Supplied records
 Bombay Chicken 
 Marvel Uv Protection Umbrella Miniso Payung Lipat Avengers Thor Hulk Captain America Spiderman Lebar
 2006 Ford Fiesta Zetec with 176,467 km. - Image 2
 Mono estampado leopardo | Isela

--

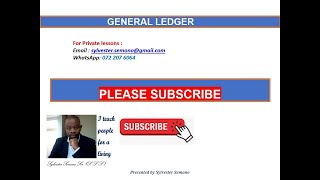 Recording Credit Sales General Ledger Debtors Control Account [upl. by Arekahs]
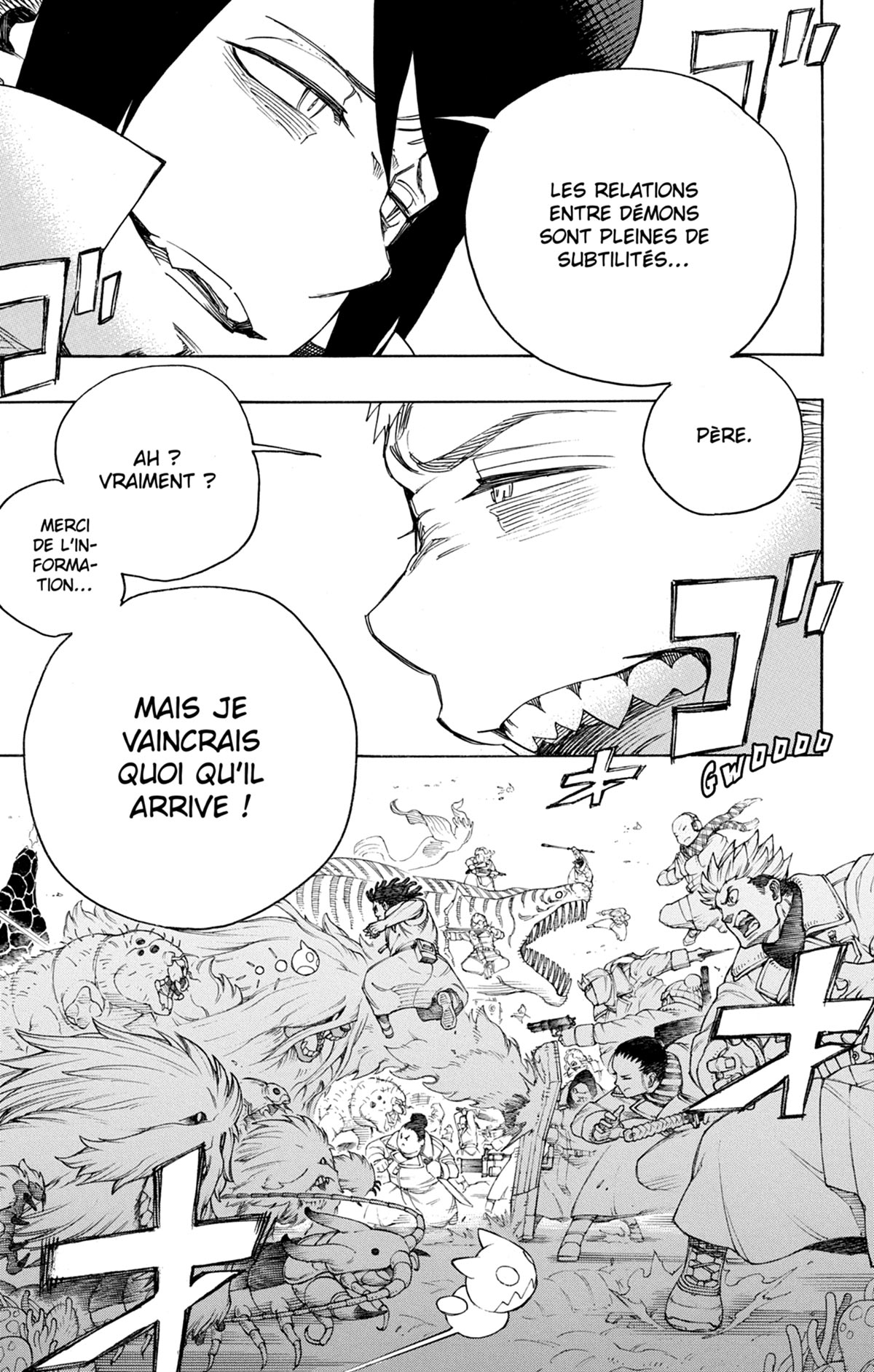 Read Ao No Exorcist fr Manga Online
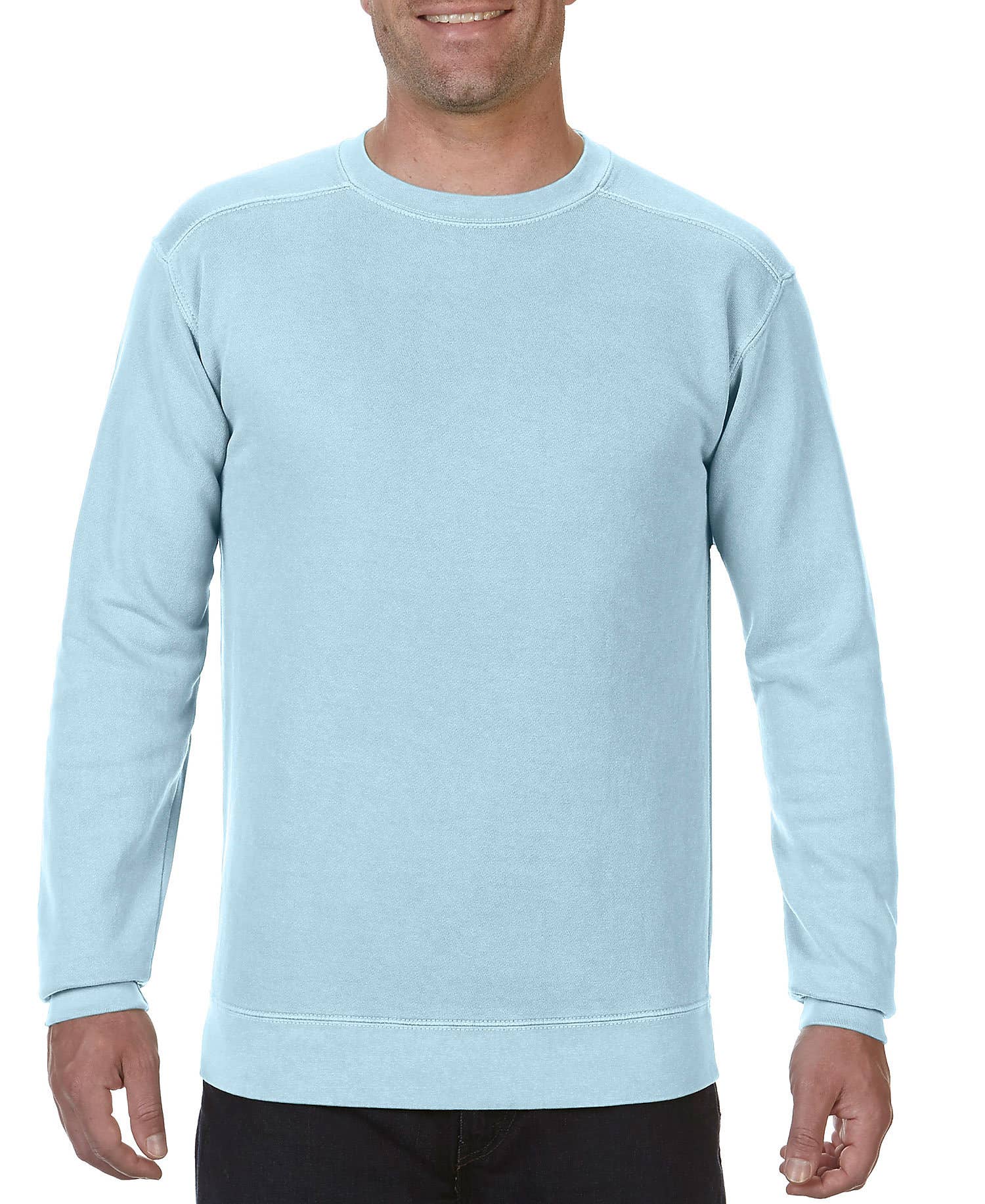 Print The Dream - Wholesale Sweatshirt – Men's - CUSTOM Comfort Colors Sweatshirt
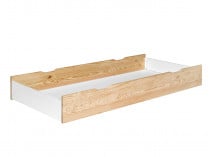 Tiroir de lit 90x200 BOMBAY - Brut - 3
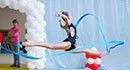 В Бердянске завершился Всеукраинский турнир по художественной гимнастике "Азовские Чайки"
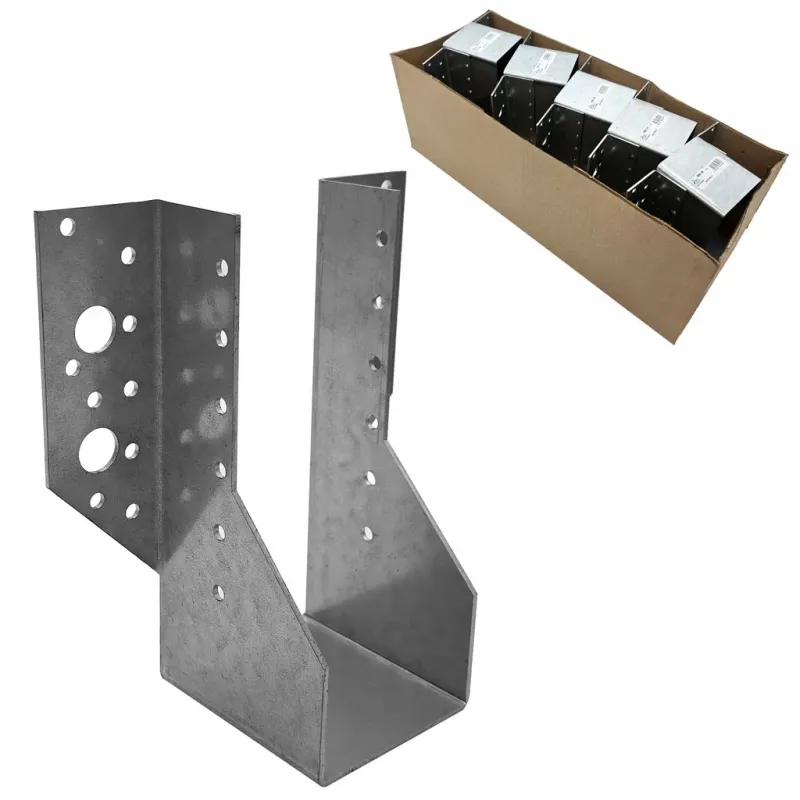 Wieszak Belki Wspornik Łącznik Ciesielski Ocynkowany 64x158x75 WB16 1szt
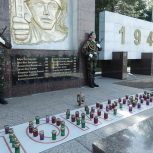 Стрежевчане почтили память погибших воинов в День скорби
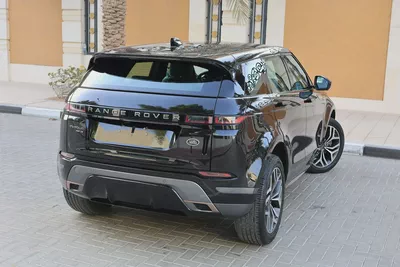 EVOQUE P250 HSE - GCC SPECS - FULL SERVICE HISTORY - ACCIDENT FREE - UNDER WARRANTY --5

Task statement
Look above for the line with "Bombay Chicken" and the line with "Mono estampado leopardo | Isela", and reproduce exactly those two lines plus every line between, nothing more.

Task output
 Bombay Chicken 
 Marvel Uv Protection Umbrella Miniso Payung Lipat Avengers Thor Hulk Captain America Spiderman Lebar
 2006 Ford Fiesta Zetec with 176,467 km. - Image 2
 Mono estampado leopardo | Isela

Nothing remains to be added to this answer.